» EXERCISE GOAL: After locating "ドイツ・ジンデルフィンゲンに", return its line and all lines that follow through the end of the listing below, exactly; leave out pictures.

» EXTRACTED DATA:
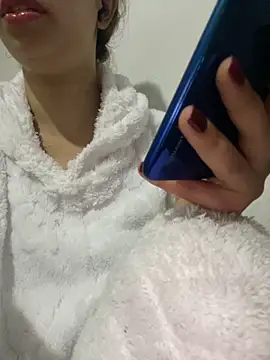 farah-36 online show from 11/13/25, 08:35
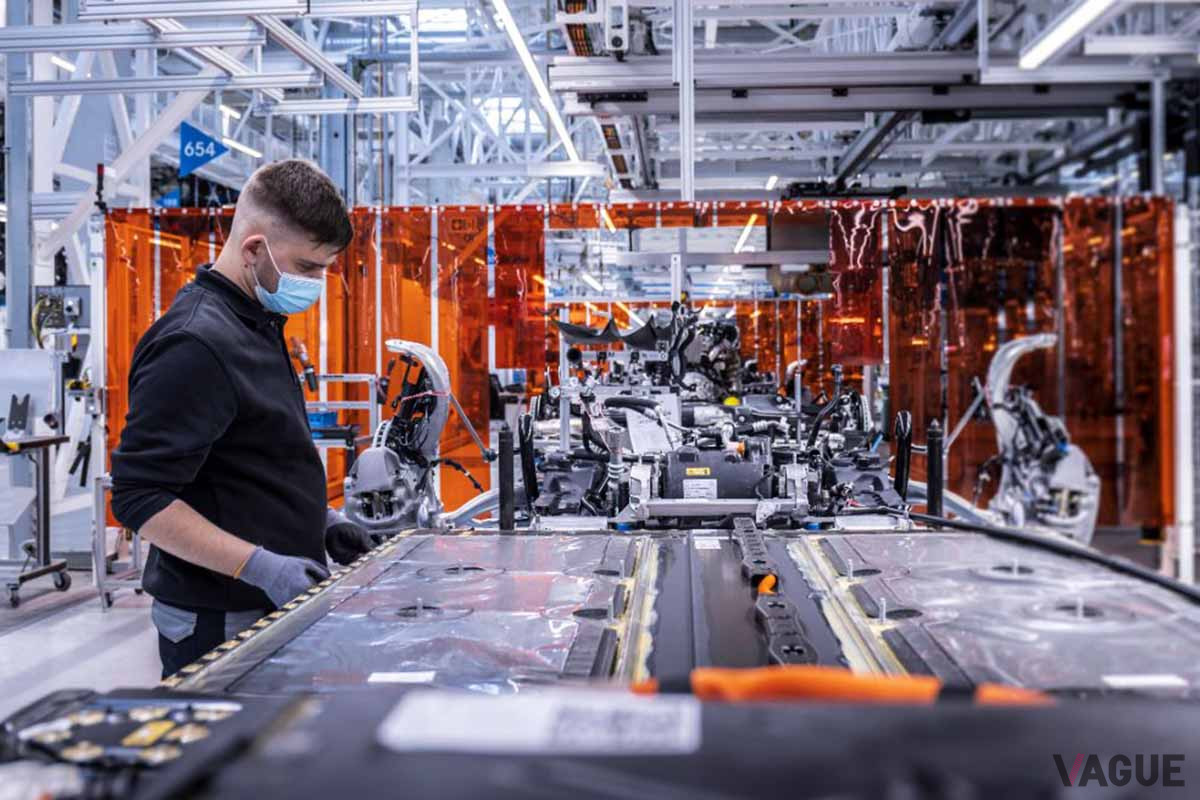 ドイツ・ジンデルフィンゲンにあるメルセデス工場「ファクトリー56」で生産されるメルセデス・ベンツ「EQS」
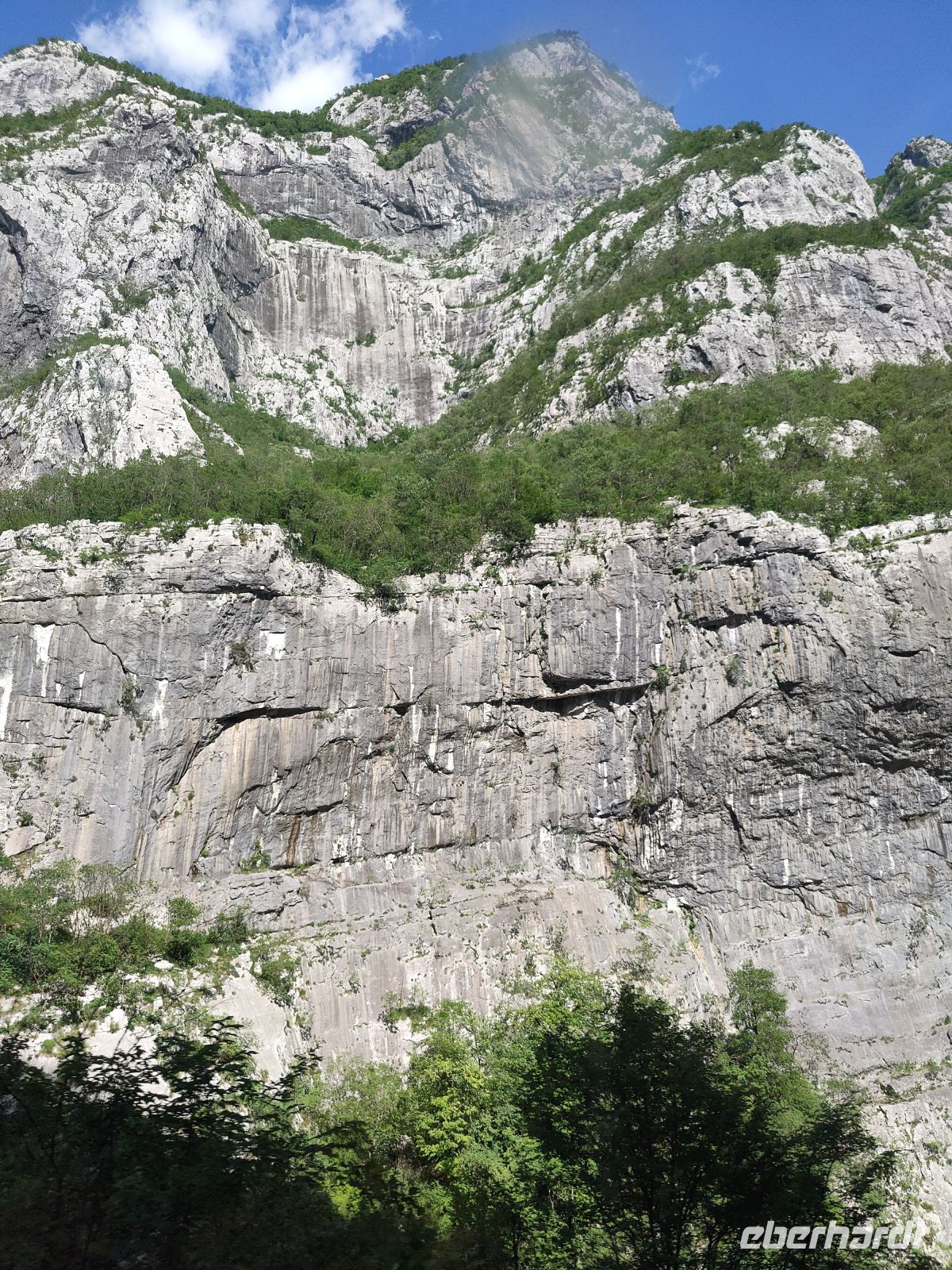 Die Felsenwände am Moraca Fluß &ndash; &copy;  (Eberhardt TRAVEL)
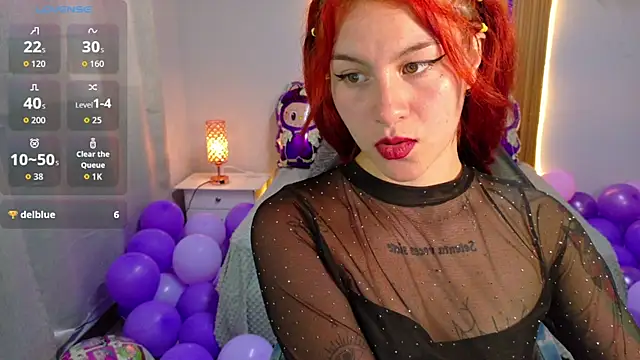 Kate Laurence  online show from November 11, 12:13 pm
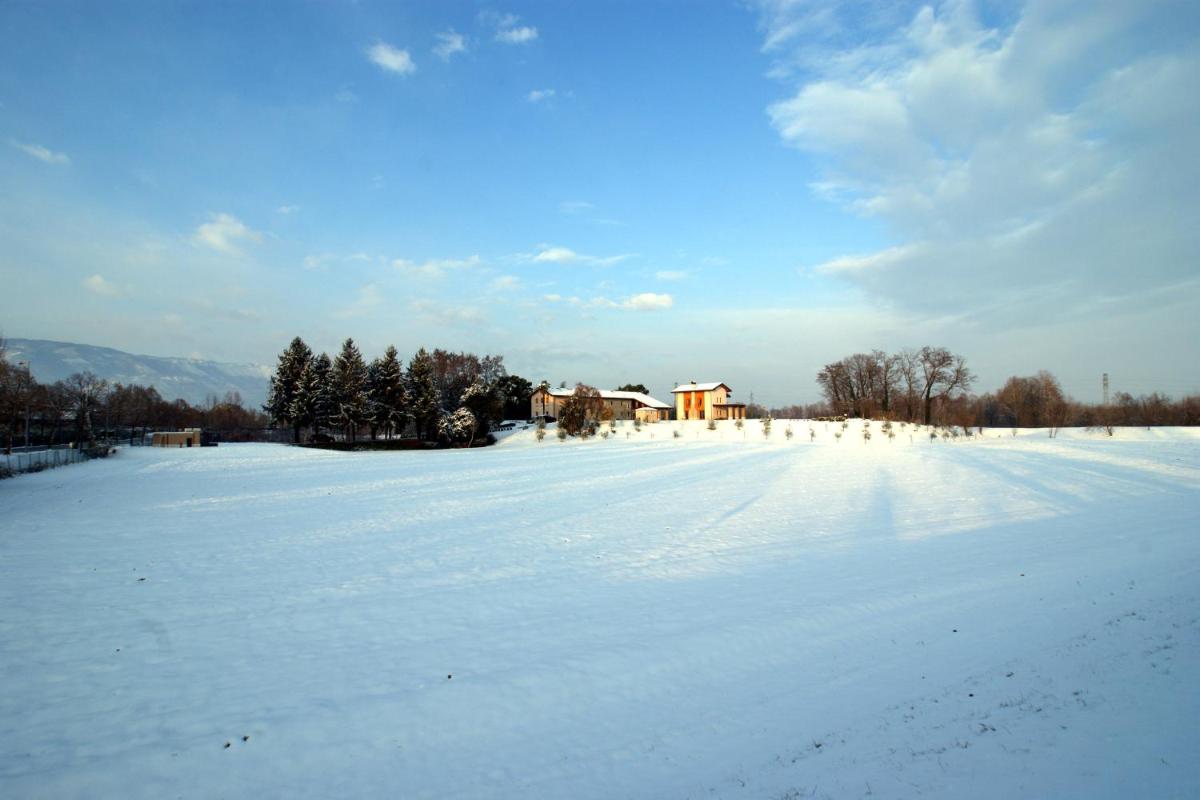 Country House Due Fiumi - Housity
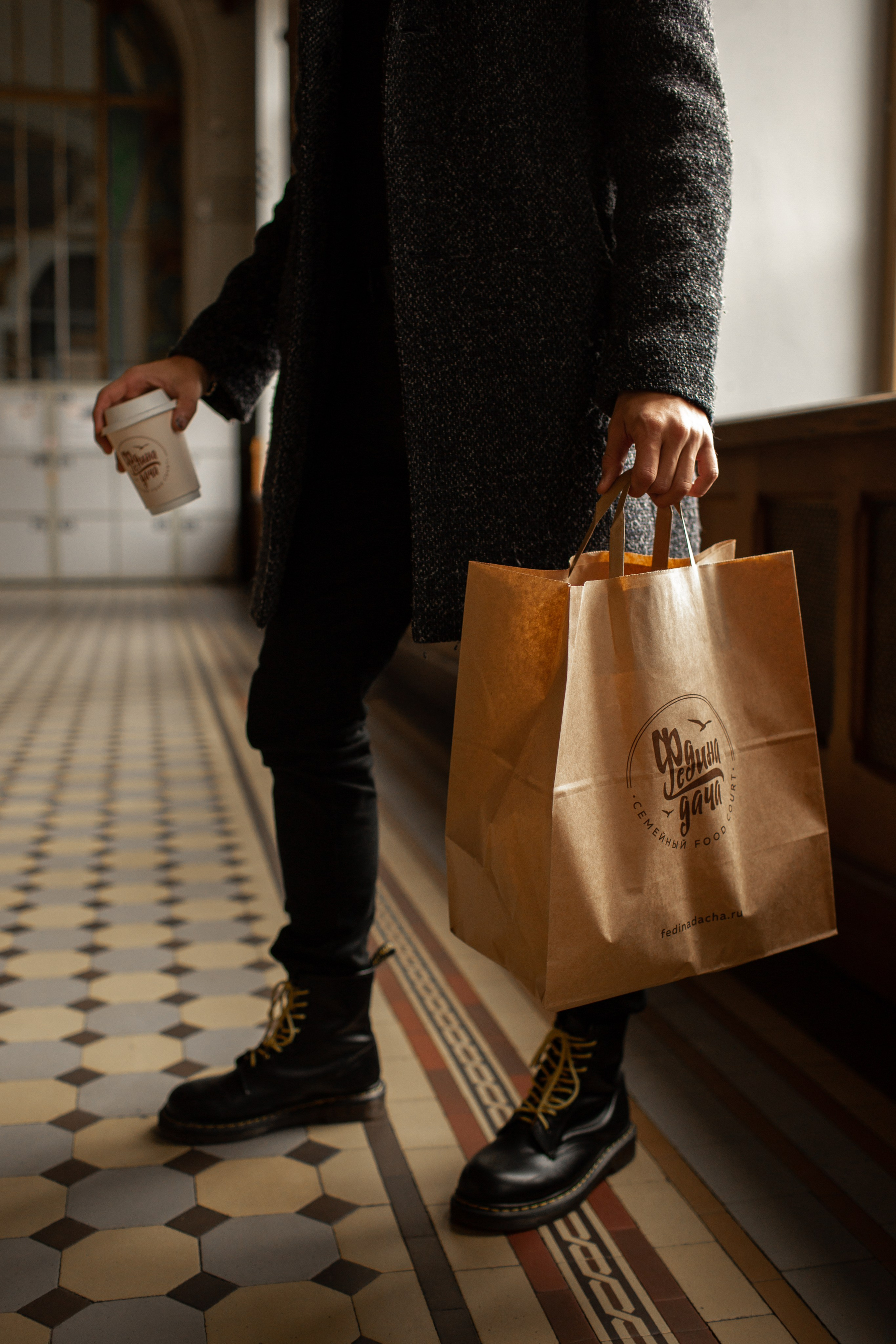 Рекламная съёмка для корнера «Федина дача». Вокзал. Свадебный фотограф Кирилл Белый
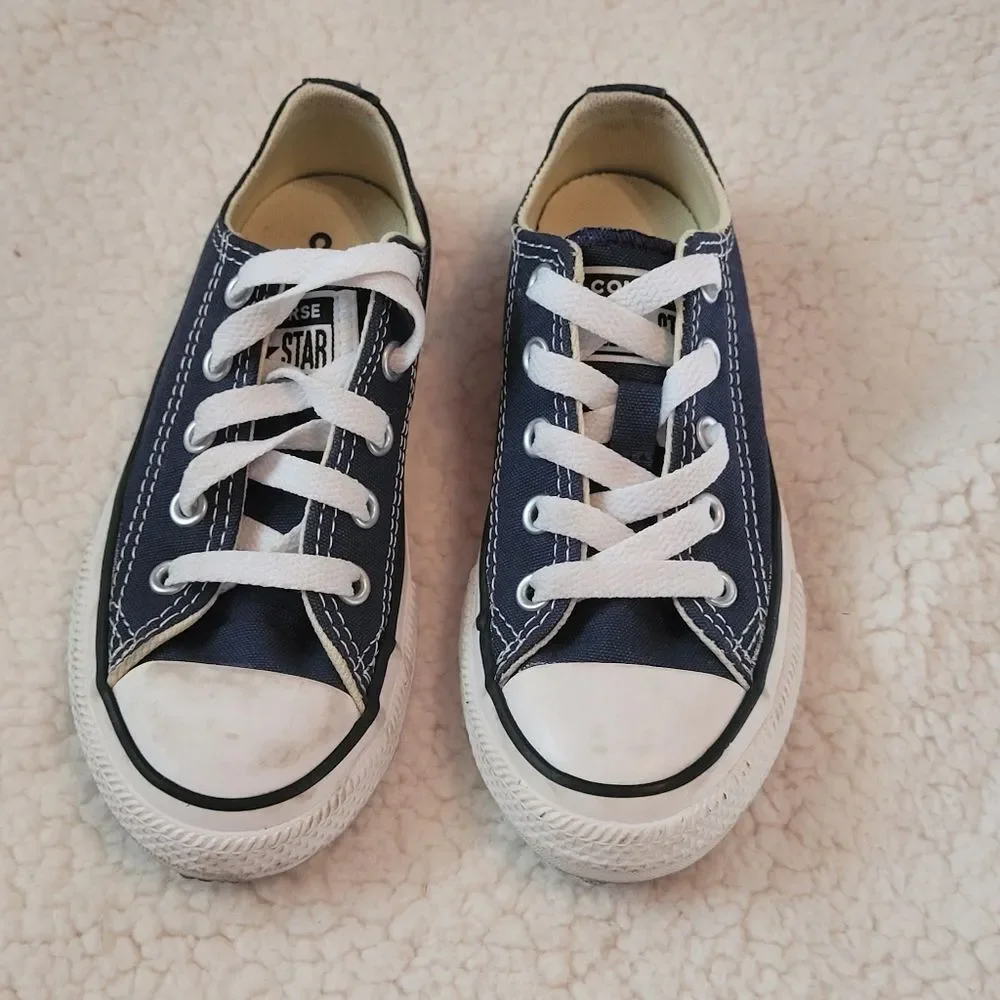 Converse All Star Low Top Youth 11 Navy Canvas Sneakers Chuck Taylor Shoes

» SOLUTION FOR THIS PROBLEM:
 ドイツ・ジンデルフィンゲンにあるメルセデス工場「ファクトリー56」で生産されるメルセデス・ベンツ「EQS」
 Die Felsenwände am Moraca Fluß &ndash; &copy;  (Eberhardt TRAVEL)
 Kate Laurence  online show from November 11, 12:13 pm
 Country House Due Fiumi - Housity
 Рекламная съёмка для корнера «Федина дача». Вокзал. Свадебный фотограф Кирилл Белый
 Converse All Star Low Top Youth 11 Navy Canvas Sneakers Chuck Taylor Shoes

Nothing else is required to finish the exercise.